Dass die Verrohung von Sprache und das Überschreiten von Tabugrenzen nicht erst mit den Möglichkeiten des Internet begann, erklärte Hans-Joachim Laesicke. Er sieht die Anfänge beim Start des Privatfernsehens. Ludger Weskamp forderte Respekt aus gesundem Menschenverstand ein. Die Anforderungen an den Einzelnen in der Gesellschaft würden aber wachsen. Es brauche Vorbilder zur Orientierung. Die seien jedoch abhanden gekommen, sagte Alireza Assadi. Er nannte als frühere Vorbilder Konrad Adenauer, Willy Brandt und den deutschen Kaiser, die dem Volk unterschiedliche Werte vorgelebt hätten. In der heutigen Konsumgesellschaft würden sich Menschen jedoch weniger über das Sein als über Besitz definieren, so Assadi.
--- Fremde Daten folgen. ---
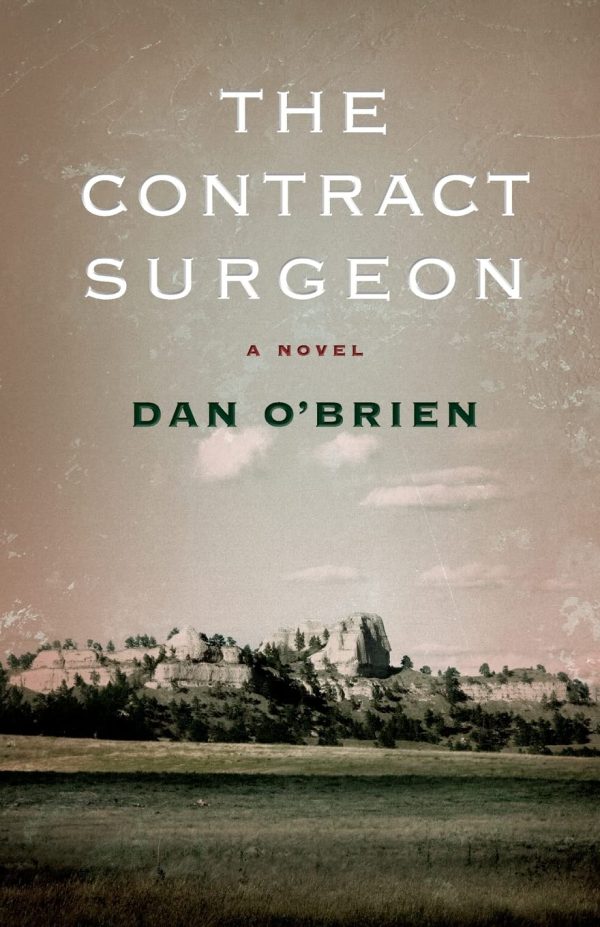 The Contract Surgeon: A Novel [Paperback] O'Brien, Dan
Die Feststellung von Hans-Joachim Laesicke, „die da oben“ würden dermaßen kritisiert, dass niemand mehr Verantwortung übernehmen wolle, konnte sein Sohn und Amtsnachfolger so nicht stehen lassen. Ihm sei seit dem Amtsantritt an vielen Stellen die Hand gereicht worden, um Glaubwürdigkeit aufzubauen. „Ich sehe die Welt deshalb nicht so pessimistisch“, sagte der Bürgermeister.
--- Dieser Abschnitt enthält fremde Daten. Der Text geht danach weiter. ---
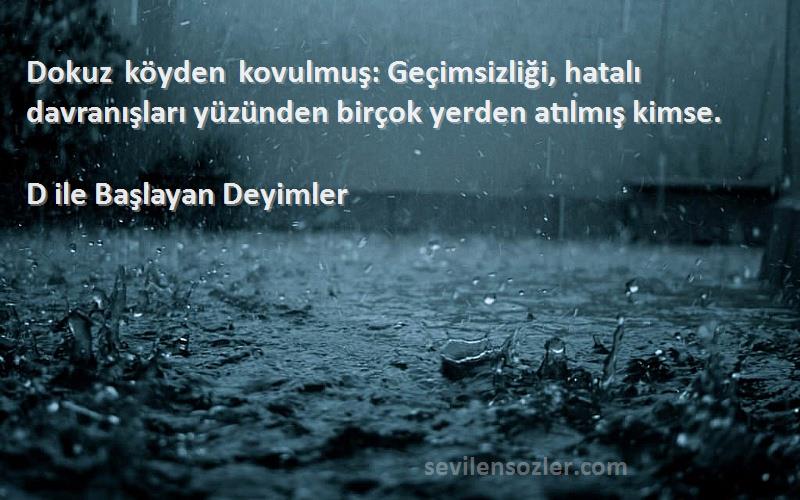D ile Başlayan Deyimler - Dokuz köyden kovulmuş: Geçimsizliği, hatalı davranışları yüzünden birçok yerden atılmış kimse.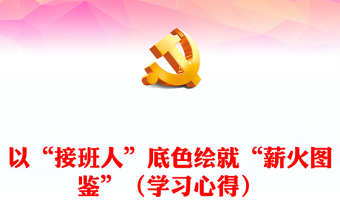 以“接班人”底色繪就“薪火圖鑒”（學(xué)習(xí)心得）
Propst Stäblein betonte schließlich den Wert der gemeinsamen Zeit am freien Sonntag und dachte dabei wohl bereits an die „verkaufsoffenen“ Adventswochenenden. Drecoll forderte die Verantwortung des Einzelnen ein. Mit dem Wählen einer Protestpartei sei diese Verantwortung jedenfalls nicht erfüllt. Manchmal könne eine freundliche Geste oder ein lächelnder Gruß das Zusammenleben einfacher machen, so Drecoll.